- _What this task involves_
Nothing may be dropped or added when the entries below are copied.

- _Source data_
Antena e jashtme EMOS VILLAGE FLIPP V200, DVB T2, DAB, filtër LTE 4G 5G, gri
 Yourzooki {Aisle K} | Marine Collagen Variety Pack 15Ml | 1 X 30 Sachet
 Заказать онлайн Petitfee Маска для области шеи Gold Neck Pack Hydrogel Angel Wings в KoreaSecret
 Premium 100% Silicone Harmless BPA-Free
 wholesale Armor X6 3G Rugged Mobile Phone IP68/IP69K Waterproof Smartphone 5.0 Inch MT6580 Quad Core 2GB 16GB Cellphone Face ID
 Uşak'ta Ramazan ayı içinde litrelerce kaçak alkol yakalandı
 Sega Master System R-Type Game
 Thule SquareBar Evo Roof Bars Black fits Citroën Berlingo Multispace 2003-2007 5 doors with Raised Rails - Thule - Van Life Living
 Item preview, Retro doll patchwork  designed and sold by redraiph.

- _Output for this exercise_
Antena e jashtme EMOS VILLAGE FLIPP V200, DVB T2, DAB, filtër LTE 4G 5G, gri
 Yourzooki {Aisle K} | Marine Collagen Variety Pack 15Ml | 1 X 30 Sachet
 Заказать онлайн Petitfee Маска для области шеи Gold Neck Pack Hydrogel Angel Wings в KoreaSecret
 Premium 100% Silicone Harmless BPA-Free
 wholesale Armor X6 3G Rugged Mobile Phone IP68/IP69K Waterproof Smartphone 5.0 Inch MT6580 Quad Core 2GB 16GB Cellphone Face ID
 Uşak'ta Ramazan ayı içinde litrelerce kaçak alkol yakalandı
 Sega Master System R-Type Game
 Thule SquareBar Evo Roof Bars Black fits Citroën Berlingo Multispace 2003-2007 5 doors with Raised Rails - Thule - Van Life Living
 Item preview, Retro doll patchwork  designed and sold by redraiph.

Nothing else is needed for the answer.